If you’re like me (read: grew up in the 80s, kind of nerdy, liked technology, found friends exhausting), then odds are you had one or more of a Nintendo, Sega, Atari, ColecoVision, or PC around the house as a kid. For many of us, these systems provided a foundation for our childhood and opened the door to vast electronic worlds to explore, hack, experiment, and fail within. They taught us how to learn, compete, strategize, think critically, and, through multiplayer games, even socialize. They also taught us another, far more dangerous lesson that these systems taught us through the form of an innocuous little button: reset.
From a functional perspective, this little button was key to these systems. It provided a way to blank the memory and forcibly reboot the system and all relevant peripherals, ensuring that any software glitches or issues could be cleared and allowing the system to start fresh.
Yet the implications of this technological feature on our young, impressionable minds were unintentionally sinister in their outcome. That little button taught us how easy it was to wipe the slate clean and start fresh. If we screwed up, missed something, made a poor choice, or killed our character, instead of dealing with the consequences, we had—and often took—the option to destroy all record of our errors and reset back to an earlier, known place. Sometimes it meant that we lost progress, but at least we didn’t have to deal with our failure. We could go back and try again with the new knowledge of what we’d done wrong the first time in hopes of having better fortune with our new, divergent path. Like parallel universes, each time we pushed the reset button, we branched off another possibility of what could have been and rolled the dice on our ongoing struggle for perfection.
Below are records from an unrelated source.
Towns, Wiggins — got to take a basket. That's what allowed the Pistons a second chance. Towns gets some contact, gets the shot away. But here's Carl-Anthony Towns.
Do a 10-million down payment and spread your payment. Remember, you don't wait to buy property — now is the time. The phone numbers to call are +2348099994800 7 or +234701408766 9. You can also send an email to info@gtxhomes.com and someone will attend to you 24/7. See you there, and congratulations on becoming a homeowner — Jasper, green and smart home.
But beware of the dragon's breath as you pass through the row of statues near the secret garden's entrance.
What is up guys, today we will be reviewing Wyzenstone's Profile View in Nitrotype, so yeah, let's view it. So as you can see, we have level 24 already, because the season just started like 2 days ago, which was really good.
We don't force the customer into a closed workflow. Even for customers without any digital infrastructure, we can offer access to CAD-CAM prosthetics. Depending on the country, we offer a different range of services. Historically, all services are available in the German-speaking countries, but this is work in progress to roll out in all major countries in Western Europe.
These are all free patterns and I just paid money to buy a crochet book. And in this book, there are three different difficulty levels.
Seems innocent enough when talking about Mario and Sonic, however, our generation took this lesson to heart, embraced newness, and coveted the concept of starting over. Fast forward from our childhood and we start to see larger cracks in our mental armor that, while not wholly attributable to reset culture, undoubtedly have been affected by it. We romanticize the idea of escaping our own lives and being an unknown traveler in a foreign place. We find it easier to replace our worn down things instead of repairing them or trying to turn them into something new and beautiful. We are perfectionists, choosing to optimize every last irrelevant detail instead of simply making what we have work. We are wasteful, fickle, impatient, and in many cases, unprepared to deal with the implications of our own actions since a little button taught us that when the going gets tough, the weak start over.
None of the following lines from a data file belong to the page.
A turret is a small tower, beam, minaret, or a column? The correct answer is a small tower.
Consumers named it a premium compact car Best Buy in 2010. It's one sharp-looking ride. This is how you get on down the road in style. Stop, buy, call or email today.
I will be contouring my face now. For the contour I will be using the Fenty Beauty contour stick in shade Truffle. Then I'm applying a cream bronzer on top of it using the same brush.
Prior generations may have stayed in jobs for decades, however, ours would be lucky to get a golden thumbtack, let alone a watch. Job-hopping has become the new normal for Millennials, with many justifying 1-2 year stints in their roles. Cleanses have become all the rage for restarting your body and mind, whether through juicing, yoga retreats, fad diets, or extreme exercise programs like P90X. Even our vacations can no longer simply be relaxing breaks; they must be life altering personal journeys where we confront the deepest parts of our minds with the intent of deconstructing and rebuilding ourselves completely before returning to the real world. It seems as though members of our generation are ticking time bombs that may explode unless every few years we change our job, move cities, start a new relationship, or embark on a self-discovery journey.
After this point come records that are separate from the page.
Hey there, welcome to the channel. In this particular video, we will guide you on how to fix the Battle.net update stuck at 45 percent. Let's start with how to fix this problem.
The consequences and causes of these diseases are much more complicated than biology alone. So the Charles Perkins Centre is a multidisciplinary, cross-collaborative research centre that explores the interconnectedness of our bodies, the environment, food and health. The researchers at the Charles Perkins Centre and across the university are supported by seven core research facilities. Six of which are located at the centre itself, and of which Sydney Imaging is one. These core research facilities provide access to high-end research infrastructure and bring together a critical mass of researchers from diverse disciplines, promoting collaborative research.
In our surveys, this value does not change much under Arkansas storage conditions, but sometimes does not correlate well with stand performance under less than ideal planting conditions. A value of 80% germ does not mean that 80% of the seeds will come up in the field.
However, at the heart of the problem and standing in the way of our futile attempts to start over lies the reality that life has no reset button. People don’t reset. We evolve, we grow, and we change, but short of suffering major head trauma and waking up in a foreign country with amnesia, the concept of resetting makes little sense in the context of the human mind. Even if you isolate yourself from the rest of the world and change every aspect of your external environment, you are still beholden to your own memories, experiences, and personality. Believing that we can operate outside of this reality when we want to kick start our existence is simply delusional.
But why should we let reality get in the way of a bit of good, clean, revolutionary self-denial? Many of us could cite a revisionist history of our lives—Mary 2.0, Amir V5, Next-Generation George—it’s almost as though we consider ourselves buggy software in constant need of updates and fixes. Every time we encounter major adversity, we withdraw from the normalcy of our lives in an attempt to recreate ourselves in a vacuum as a better version and then reintroduce to the world. We do everything in our power to blow up the outside world and begin anew with a fresh perspective on life.
So why is our penchant for starting over so dangerous? As someone who’s up to version 8.0, I can confidently tell you that hitting the reset button on life is missing the point. It’s taking the easy way out by creating novel surroundings that distract us from the underlying problem: ourselves. There will always be external factors that impact our lives and make things difficult, but at the core, it is how we react to and engage with these external factors that determines the outcome of our lives. If our reaction is to walk away each time life gets hard, then we turn our existence into a series of connected vignettes where we are continually struggling for happiness but never quite attaining it. If instead, we choose to stand our ground and face our challenges, we are forced to look inside and push the reset button on aspects of ourselves that we are unhappy with, ultimately evolving us into better, happier people.